KBSI applied advanced data fusion technologies in investigating methods for increasing the accuracy of non-destructive inspection imaging technology. Using both ultrasonic and eddy current images of KC-135 lap joint coupons, KBSI developed image processing techniques, both classical and wavelet-based, for the pre-processing of image data prior to corrosion quantification and fusion.
Corrosion is considered the most significant form of damage for an aging aircraft—impacting both maintenance costs and readiness. Currently, there is an urgent need to improve on established non-destructive inspection methods that increase detection reliability and accuracy in multi-layer structures.

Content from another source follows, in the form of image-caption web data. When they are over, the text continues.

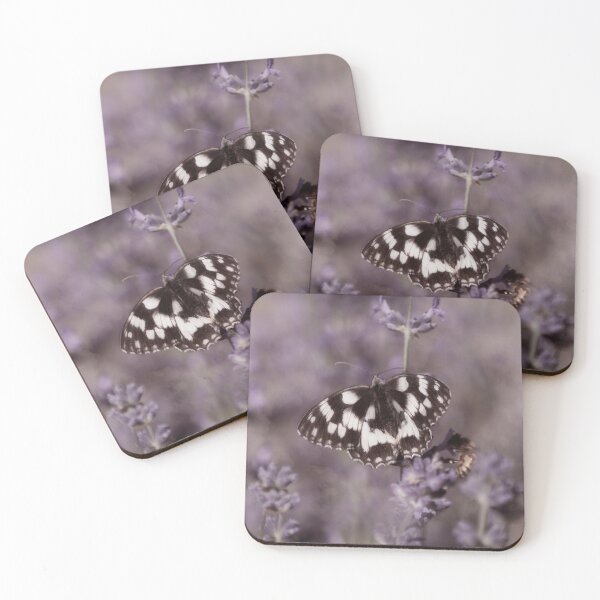 Item preview, Galatea butterflies with shades of lavender  designed and sold by ritadilalla.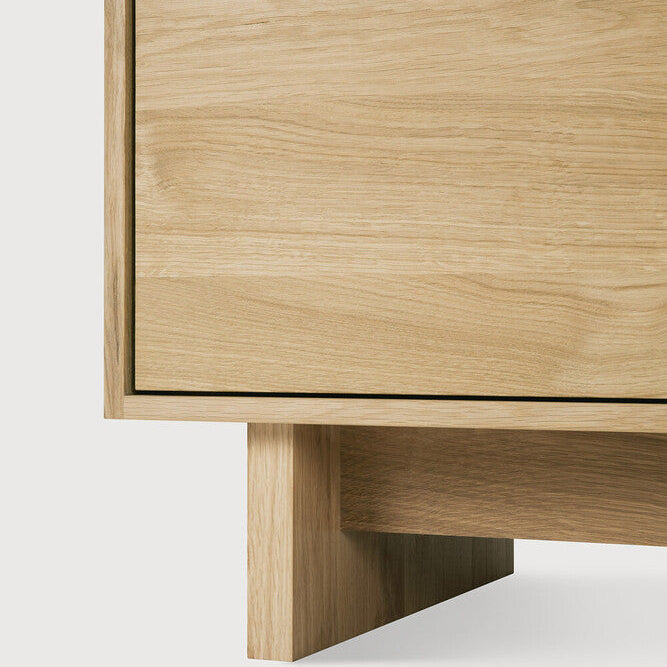 Ethnicraft Wave Sideboard, FSC-certified solid wood furniture by Belgian brand
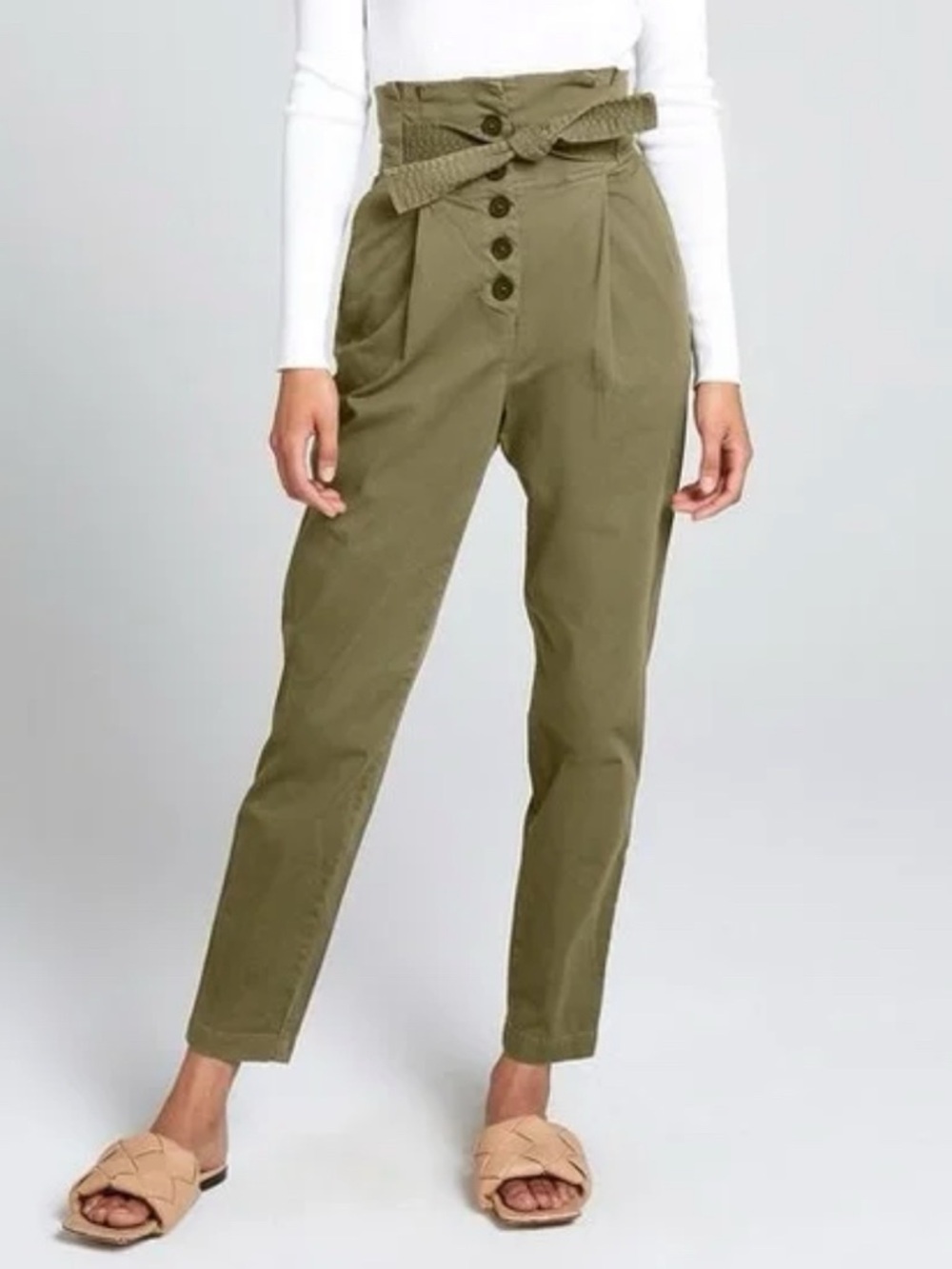 A.L.C. Krew Paper bag High Rise Khaki Pants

The goal of the Non Destructive Inspection Data and Evidence Fusion Program (NDI) initiative was to investigate methods for increasing the accuracy of non-destructive inspection imaging technology. KBSI used our advanced data fusion technologies to achieve this goal. Using both ultrasonic and eddy current images of KC-135 lap joint coupons, KBSI developed image processing techniques, both classical and wavelet-based, for the pre-processing of image data prior to corrosion quantification and fusion. Once the image pre-processing was complete, we improved and automated corrosion quantification using an artificial neural network. In the final stage of the project, we developed a pixel level NDI data fusion model to further improve the quantification of hidden corrosion.
By improving on the accuracy and reliability of NDI imaging, the U.S. Military anticipates millions of dollars in savings from speedier corrosion assessments and inspections on their aging aircraft fleet and assets.